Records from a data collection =
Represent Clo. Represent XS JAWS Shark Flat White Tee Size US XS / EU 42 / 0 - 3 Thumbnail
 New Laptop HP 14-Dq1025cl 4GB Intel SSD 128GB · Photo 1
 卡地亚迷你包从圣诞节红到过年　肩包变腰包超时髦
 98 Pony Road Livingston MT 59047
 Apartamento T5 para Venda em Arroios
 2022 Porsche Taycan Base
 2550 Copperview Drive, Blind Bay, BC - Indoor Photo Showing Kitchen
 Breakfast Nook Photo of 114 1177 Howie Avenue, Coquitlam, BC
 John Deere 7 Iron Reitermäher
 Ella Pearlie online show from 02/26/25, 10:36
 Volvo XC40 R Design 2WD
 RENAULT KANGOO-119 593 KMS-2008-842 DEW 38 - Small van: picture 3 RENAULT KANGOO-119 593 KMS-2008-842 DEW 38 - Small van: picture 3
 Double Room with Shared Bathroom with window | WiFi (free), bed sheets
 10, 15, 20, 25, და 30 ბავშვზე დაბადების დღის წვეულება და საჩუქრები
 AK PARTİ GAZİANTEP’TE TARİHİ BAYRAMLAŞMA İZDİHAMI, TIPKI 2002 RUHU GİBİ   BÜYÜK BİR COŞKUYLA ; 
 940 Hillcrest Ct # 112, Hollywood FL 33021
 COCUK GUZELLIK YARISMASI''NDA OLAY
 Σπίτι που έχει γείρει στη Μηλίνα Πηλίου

Task directions = Each of the lines from the one holding "New Laptop HP" through the final line of the entries is to be set down exactly, and no others.

Answer space =
 New Laptop HP 14-Dq1025cl 4GB Intel SSD 128GB · Photo 1
 卡地亚迷你包从圣诞节红到过年　肩包变腰包超时髦
 98 Pony Road Livingston MT 59047
 Apartamento T5 para Venda em Arroios
 2022 Porsche Taycan Base
 2550 Copperview Drive, Blind Bay, BC - Indoor Photo Showing Kitchen
 Breakfast Nook Photo of 114 1177 Howie Avenue, Coquitlam, BC
 John Deere 7 Iron Reitermäher
 Ella Pearlie online show from 02/26/25, 10:36
 Volvo XC40 R Design 2WD
 RENAULT KANGOO-119 593 KMS-2008-842 DEW 38 - Small van: picture 3 RENAULT KANGOO-119 593 KMS-2008-842 DEW 38 - Small van: picture 3
 Double Room with Shared Bathroom with window | WiFi (free), bed sheets
 10, 15, 20, 25, და 30 ბავშვზე დაბადების დღის წვეულება და საჩუქრები
 AK PARTİ GAZİANTEP’TE TARİHİ BAYRAMLAŞMA İZDİHAMI, TIPKI 2002 RUHU GİBİ   BÜYÜK BİR COŞKUYLA ; 
 940 Hillcrest Ct # 112, Hollywood FL 33021
 COCUK GUZELLIK YARISMASI''NDA OLAY
 Σπίτι που έχει γείρει στη Μηλίνα Πηλίου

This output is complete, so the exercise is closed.